Gareth Southgate was delighted to see penalty shoot-out preparations bear fruit – but the disappointment of finishing third at the Nations League has only heightened the England squad’s desire to kick on.
An unremarkable third-place play-off against Switzerland came to a stirring conclusion at the Estadio D Afonso Henriques, where England’s glut of missed opportunities threatened to haunt them as the match ended 0-0 after 120 minutes.
But a year on from ending a run of five successive shoot-out losses at the World Cup in Russia, the man that helped Southgate’s men overcome Colombia on penalties was on hand once more.
Jordan Pickford denied Josip Drmic’s spot-kick in sudden death to seal a 6-5 win, having become the first goalkeeper to score a penalty for England in a competitive shoot-out. He fared well in our player ratings, too.
“We’ve prepared well for that eventuality and we’ve talked to the players about it,” Southgate said.

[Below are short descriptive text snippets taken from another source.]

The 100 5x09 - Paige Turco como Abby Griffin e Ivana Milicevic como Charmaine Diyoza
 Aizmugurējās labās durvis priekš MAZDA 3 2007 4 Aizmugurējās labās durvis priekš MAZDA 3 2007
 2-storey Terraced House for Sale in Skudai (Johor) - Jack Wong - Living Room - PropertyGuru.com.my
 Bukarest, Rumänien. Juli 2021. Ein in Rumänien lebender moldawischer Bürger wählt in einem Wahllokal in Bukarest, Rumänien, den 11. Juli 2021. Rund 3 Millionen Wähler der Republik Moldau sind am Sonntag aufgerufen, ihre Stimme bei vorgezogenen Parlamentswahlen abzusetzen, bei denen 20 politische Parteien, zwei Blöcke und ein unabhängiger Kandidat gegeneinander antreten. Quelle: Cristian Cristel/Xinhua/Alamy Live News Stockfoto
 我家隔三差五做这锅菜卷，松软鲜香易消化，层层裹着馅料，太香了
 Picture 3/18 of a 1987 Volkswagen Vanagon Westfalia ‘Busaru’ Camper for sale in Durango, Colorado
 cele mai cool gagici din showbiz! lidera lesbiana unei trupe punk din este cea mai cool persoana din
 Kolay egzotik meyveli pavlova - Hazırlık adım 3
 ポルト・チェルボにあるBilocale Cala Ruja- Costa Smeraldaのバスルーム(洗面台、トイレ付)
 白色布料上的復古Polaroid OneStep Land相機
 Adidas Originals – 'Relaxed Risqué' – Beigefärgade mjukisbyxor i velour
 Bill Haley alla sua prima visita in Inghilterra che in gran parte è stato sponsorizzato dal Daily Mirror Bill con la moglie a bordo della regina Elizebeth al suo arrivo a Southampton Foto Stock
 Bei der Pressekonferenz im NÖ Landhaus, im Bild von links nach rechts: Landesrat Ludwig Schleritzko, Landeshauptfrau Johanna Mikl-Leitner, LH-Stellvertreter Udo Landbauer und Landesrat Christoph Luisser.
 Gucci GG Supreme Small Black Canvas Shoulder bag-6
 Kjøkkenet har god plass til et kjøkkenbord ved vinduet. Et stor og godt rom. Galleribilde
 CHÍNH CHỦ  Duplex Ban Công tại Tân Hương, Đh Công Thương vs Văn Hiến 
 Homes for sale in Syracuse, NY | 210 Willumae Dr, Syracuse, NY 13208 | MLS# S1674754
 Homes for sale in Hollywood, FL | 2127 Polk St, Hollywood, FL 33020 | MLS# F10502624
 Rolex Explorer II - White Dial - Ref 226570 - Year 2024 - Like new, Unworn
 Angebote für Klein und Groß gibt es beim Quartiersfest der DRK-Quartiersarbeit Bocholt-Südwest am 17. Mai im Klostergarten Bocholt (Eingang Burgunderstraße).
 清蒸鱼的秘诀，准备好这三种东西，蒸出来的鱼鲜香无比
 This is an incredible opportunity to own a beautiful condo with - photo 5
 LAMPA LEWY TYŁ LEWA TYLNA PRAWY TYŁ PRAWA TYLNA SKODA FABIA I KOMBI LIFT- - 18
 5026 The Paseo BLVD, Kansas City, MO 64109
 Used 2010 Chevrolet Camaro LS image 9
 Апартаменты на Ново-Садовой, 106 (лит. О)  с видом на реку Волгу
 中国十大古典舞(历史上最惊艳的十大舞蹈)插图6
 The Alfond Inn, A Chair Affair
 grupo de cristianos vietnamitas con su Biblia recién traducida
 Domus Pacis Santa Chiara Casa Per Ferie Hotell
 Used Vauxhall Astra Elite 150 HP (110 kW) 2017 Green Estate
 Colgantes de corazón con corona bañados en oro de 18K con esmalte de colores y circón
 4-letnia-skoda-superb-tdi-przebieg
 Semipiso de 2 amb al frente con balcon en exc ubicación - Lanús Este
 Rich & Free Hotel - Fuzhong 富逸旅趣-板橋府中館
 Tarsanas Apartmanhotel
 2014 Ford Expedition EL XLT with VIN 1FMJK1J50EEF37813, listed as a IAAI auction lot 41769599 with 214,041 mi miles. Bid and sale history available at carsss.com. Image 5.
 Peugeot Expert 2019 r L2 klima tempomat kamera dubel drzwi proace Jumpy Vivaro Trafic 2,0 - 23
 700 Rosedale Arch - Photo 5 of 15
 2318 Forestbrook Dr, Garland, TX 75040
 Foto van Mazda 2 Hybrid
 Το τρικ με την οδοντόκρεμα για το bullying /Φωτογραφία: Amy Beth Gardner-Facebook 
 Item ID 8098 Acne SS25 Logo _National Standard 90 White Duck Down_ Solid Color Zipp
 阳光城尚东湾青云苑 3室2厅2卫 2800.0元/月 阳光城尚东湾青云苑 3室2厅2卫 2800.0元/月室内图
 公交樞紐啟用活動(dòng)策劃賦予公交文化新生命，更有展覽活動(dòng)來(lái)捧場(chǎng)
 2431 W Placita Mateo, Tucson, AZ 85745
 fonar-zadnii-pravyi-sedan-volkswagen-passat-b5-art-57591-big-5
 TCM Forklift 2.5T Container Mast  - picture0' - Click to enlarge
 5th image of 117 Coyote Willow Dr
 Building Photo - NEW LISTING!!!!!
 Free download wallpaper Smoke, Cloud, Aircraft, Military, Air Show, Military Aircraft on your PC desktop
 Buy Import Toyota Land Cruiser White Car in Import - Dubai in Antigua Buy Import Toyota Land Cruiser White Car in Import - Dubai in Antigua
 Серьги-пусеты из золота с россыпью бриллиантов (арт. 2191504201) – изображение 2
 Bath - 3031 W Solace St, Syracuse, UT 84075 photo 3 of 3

“The first group who arrived three weeks ago have been drilled and we knew in a competition like this that we could be in that situation again.
“It’s obviously lovely for all of the staff when all of that hard work comes to fruition.”
Ending with a victory was a welcome boost three days after the semi-final loss to Holland.
But there was no fanfare like the Three Lions witnessed after their third-place play-off loss to Belgium in Russia as UEFA went for a private handover, with a bag of medals waiting for them off the pitch.
“I’ve not seen them yet,” Southgate said.
“It’s quite ironic, really. We’ve had to go through another third/fourth play-off and the one we don’t even get them in front of the fans. It’s just lobbed to us.
“I remember some of the guys that were at Liverpool that I played with who said that Joe Fagan used to throw the medals down the back of the bus at the following pre-season and say, ‘get on with it and if you’ve played enough games, take one’.
“That probably would pretty much sum up where we’d be at with this.
“The only other medals like this we’ve been involved with was the Tournoi in Glenn Hoddle’s time.
“It’s nice that we’ve got at least some acknowledgement for what we’ve done over the last year, but I think we’ll all be parking it to one side and looking forward.
“We’ve all recognised that we’ve hit a certain level, but it’s not a level we’re satisfied with, and so we’ve got to go again.
“We’ve always done that each summer. I remember the first summer we played Scotland and France and we learned a lot from the game in France but we were really unhappy with the performance – and that inspired us to go away and plan the next year.
“The drive I’ve seen from the players over the last couple of days has given me energy because I can see that the commitment is there to want to take it further with England, they’re not satisfied with where they’re at.
“And that, as a coach, actually sometimes gives you a lift, because you think you’re the only one that’s driving things and up all night trying to prepare for the game and repair the other game from the other night.
“So, I take energy from all of my staff and all of the players, and they are a fantastic group to work with I have to say, and you saw that in the mentality that they showed today for the 120 minutes (of the game).
“But, we’ve got to keep getting better and we won’t settle until we do that.”